Our client had engaged a New York law firm to bring a contingency claim against a large energy company. The claim resulted in a settlement under which our client recovered coal reserves and resources in Central Appalachia, along with an operating coal company burdened with substantial liabilities. Pursuant to the terms of our client’s contingency agreement with the New York law firm, an American Arbitration Association arbitration panel was to value the properties recovered in settlement, with the contingency to be calculated based on that value. The client and the law firm valued the property at significantly different amounts, however, and if the law firm’s value had been accepted by the arbitration panel, the client would have owed tens of millions of dollars in contingency payments to the law firm.

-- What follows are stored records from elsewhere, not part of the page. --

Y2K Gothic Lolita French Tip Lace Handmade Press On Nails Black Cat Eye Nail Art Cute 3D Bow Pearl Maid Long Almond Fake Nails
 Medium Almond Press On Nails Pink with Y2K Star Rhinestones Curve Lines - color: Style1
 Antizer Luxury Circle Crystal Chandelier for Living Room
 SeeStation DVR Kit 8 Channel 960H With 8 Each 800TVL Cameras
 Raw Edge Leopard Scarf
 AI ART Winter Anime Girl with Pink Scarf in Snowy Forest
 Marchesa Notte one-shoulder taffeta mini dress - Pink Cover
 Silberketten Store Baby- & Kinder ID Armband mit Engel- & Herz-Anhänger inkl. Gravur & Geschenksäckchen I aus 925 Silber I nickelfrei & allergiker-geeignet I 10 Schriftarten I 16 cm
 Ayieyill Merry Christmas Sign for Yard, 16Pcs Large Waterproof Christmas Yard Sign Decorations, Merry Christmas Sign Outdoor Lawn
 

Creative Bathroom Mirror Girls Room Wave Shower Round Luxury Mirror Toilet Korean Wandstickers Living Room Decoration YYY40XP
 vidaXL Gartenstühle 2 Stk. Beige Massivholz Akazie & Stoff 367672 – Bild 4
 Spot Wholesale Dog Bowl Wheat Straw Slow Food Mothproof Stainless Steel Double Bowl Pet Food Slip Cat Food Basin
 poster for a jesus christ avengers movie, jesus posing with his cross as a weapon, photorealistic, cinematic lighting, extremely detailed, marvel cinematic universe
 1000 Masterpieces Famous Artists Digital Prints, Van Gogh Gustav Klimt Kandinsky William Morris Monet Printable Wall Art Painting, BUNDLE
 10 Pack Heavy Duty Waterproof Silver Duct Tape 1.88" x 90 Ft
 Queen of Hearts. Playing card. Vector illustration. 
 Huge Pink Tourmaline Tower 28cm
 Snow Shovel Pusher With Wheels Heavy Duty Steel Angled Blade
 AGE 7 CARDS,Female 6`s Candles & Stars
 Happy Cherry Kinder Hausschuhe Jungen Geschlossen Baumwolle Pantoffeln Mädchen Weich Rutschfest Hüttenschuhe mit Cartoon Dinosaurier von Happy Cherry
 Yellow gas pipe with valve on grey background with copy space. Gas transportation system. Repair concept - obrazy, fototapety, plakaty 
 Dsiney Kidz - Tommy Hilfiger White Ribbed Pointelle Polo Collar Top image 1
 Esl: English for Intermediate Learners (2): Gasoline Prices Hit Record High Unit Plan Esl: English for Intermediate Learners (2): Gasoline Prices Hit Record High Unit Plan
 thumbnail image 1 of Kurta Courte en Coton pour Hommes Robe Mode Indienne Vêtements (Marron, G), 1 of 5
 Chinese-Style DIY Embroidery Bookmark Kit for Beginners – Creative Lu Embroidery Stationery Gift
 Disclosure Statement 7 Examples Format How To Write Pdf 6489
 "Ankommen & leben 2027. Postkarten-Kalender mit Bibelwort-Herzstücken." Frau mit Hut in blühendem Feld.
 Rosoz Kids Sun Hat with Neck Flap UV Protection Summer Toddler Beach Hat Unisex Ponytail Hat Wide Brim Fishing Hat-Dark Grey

The client hired Frost Brown Todd (FBT) to defend its valuation at the arbitration. FBT’s trial team, led by Barry Hunter, hired numerous coal experts, geologists, engineers and economists to support the client’s valuation of the acquired assets. This effort required geological analysis of the amount and quality of the coal reserves and resources; engineering analysis of the costs of mining; economic analysis of the projected coal sales prices at which the coal could be mined; and a valuation of liabilities, including reclamation, union pension, negative working capital, and other factors that burdened the operating coal company acquired in settlement. Each of these issues was hotly contested at a two-week arbitration hearing.
The arbitration panel valued the assets at an amount which yielded a contingency award of only a small fraction of what the New York law firm was demanding in settlement and far less than the amount of the firm’s fees based on its hourly rates.